**Data to examine**
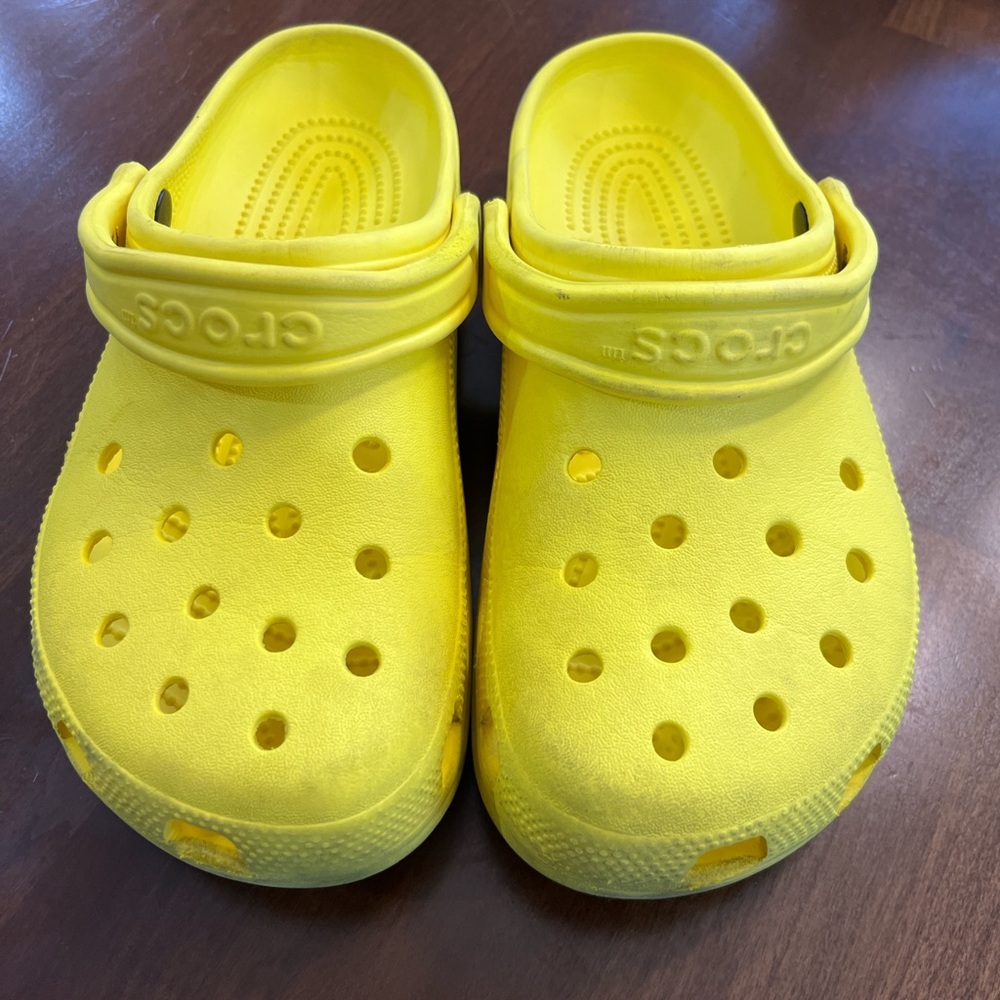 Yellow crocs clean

--

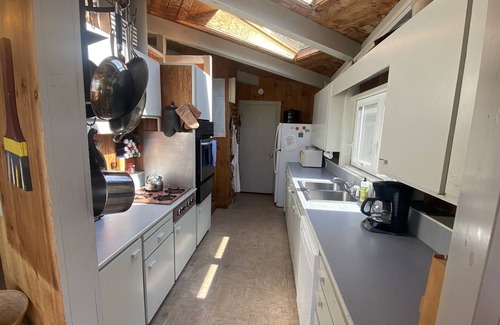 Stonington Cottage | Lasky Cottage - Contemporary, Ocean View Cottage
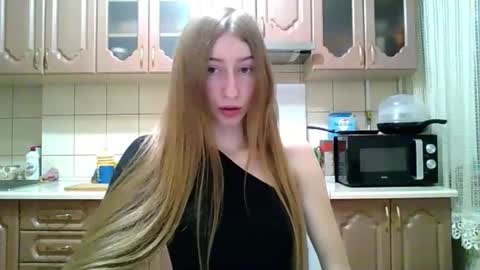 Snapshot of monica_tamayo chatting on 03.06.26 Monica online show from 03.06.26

**Description of the task**
What you return from the records above should be exactly everything from the line with "Stonington Cottage |" down to the line with "Snapshot of monica_tamayo", both kept, and no pictures.

**Answer area**
 Stonington Cottage | Lasky Cottage - Contemporary, Ocean View Cottage
 Snapshot of monica_tamayo chatting on 03.06.26 Monica online show from 03.06.26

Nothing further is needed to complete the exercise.